# Problem: Canvas-Grösse Motorola RAZR v3r



## autooldie (26. Apr 2007)

hallo, liebe Javaner,
von JAVA habe ich keine Ahnung, habe mal RPG programmiert, ansonsten Cobol.
Jetzt das Problem:
Habe mir ein Motorola-handy gekauft und einige Spiele probehalber 'raufgeladen und getestet.
Danach musste ich feststellen, dass irgendein hinterlistiges Proggi die Bildschirmgrösse von
176 x 220 Pixeln auf 176 x 182 px verstellt hatte, was sich auch nicht mehr zurückstellt.
Nun vermute ich, dass dies über irgendwelche Parameter, die in der *.jad Datei versteckt
waren, geschehen ist. 
Meine Frage geht nun in die Richtung wie ich durch eigene Parametereingabe dies wieder
rückgängig machen kann, ohne das handy neu zu flashen und damit die Garantie zu verlieren.
Danke für Eure Kooperation!  :roll:


----------



## Wildcard (26. Apr 2007)

Ich denke hier passt's besser.


----------



## L-ectron-X (26. Apr 2007)

Zunächst mal, habe ich gelesen, soll wohl das Flashen des Handys nicht mit einem Garantieverlust einher gehen.
Und dann kann ich mir nicht vorstellen, dass ein Java-Programm dauerhaft die Displayauflösung verstellen kann.
Hast du schon mal das Handy abgeschaltet und den Akku kurzzeitig entfernt? Sollte das nicht helfen, durchsuchst du mal das Handy-Menü und setzt das Telefon in den Werkszustand zurück.


----------



## autooldie (26. Apr 2007)

ja, danke, aber all' das habe ich bereits gemacht, und nix hat geholfen!


----------



## Eifelente (26. Apr 2007)

Wie genau äussert sich dass denn ?
Hast du jetzt immer einen schwarzen Streifen im Display?
Oder nur, wenn die JavaSpiele spielst ?


----------



## autooldie (26. Apr 2007)

das sieht dann so aus, dass am oberen Bildrand die Verbindungsdaten und der Batteriestand zu sehen sind, danach beginnt dann das image des Spiels.


----------



## Jockel (27. Apr 2007)

Und das war schonmal anders?
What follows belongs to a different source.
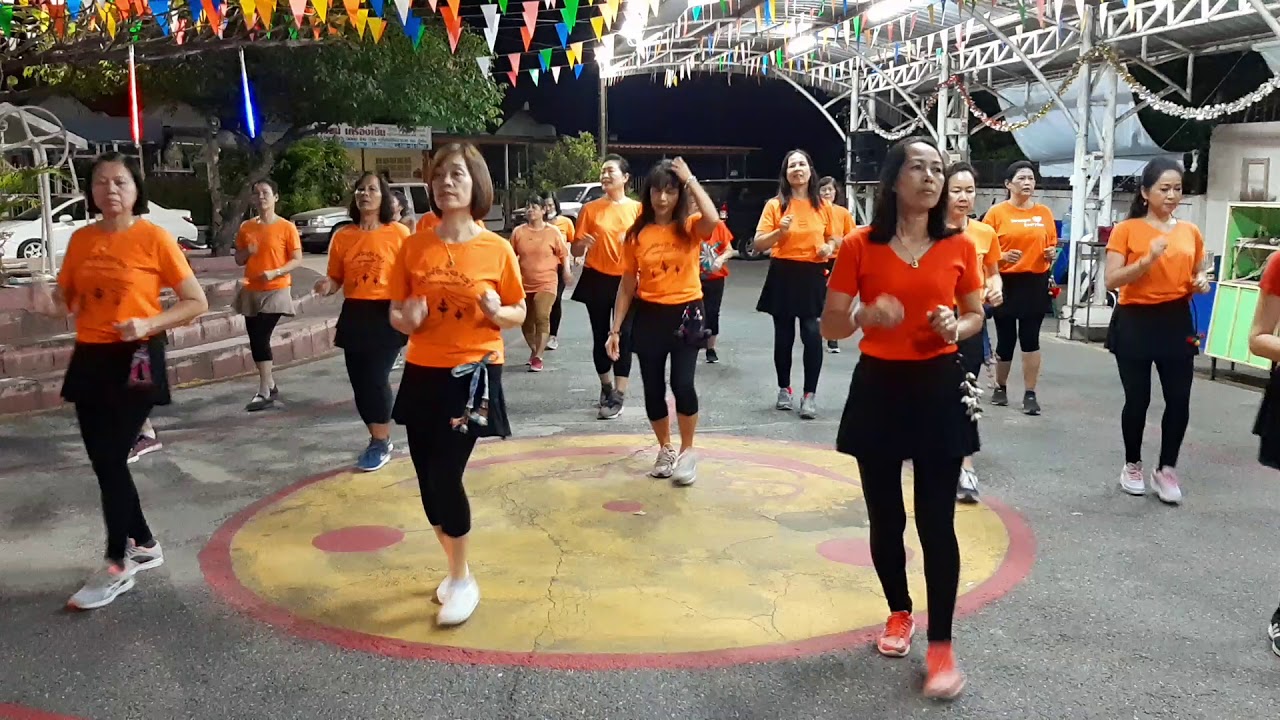 30/1/63 #สายเปลสายใจ #สไตล์ อ.สุรีย์พร ยอดประเสริฐ พร้อมทีมงาน ลานหมู่บ้านการุณรังษี จ.นครสวรรค์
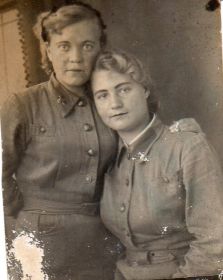 сентябрь 1942 Девушка слева -  Шуруева Анна Яковлевна, командир взвода 40 одр Брянский фронт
Kann ich mir schwer vorstellen, da dieser Info-Balken beim V3 immer da ist.
(Darüber, dass das V3 eh ein Mist-Gerät ist, lasse ich mich mal nicht weiter aus)


----------



## autooldie (27. Apr 2007)

nun, wenn du das jetzt so sagst..... Keine Ahnung, ob das schon immer so war!
Warum ist das Teil Mist?


----------



## Jockel (27. Apr 2007)

Das Design ist ganz schick, zugegeben, aber der Rest ist Müll. Langsamer Prozessor, vermurkste VM-Implementierung, etc. Die reinste Hölle für das Teil zu programmieren.


----------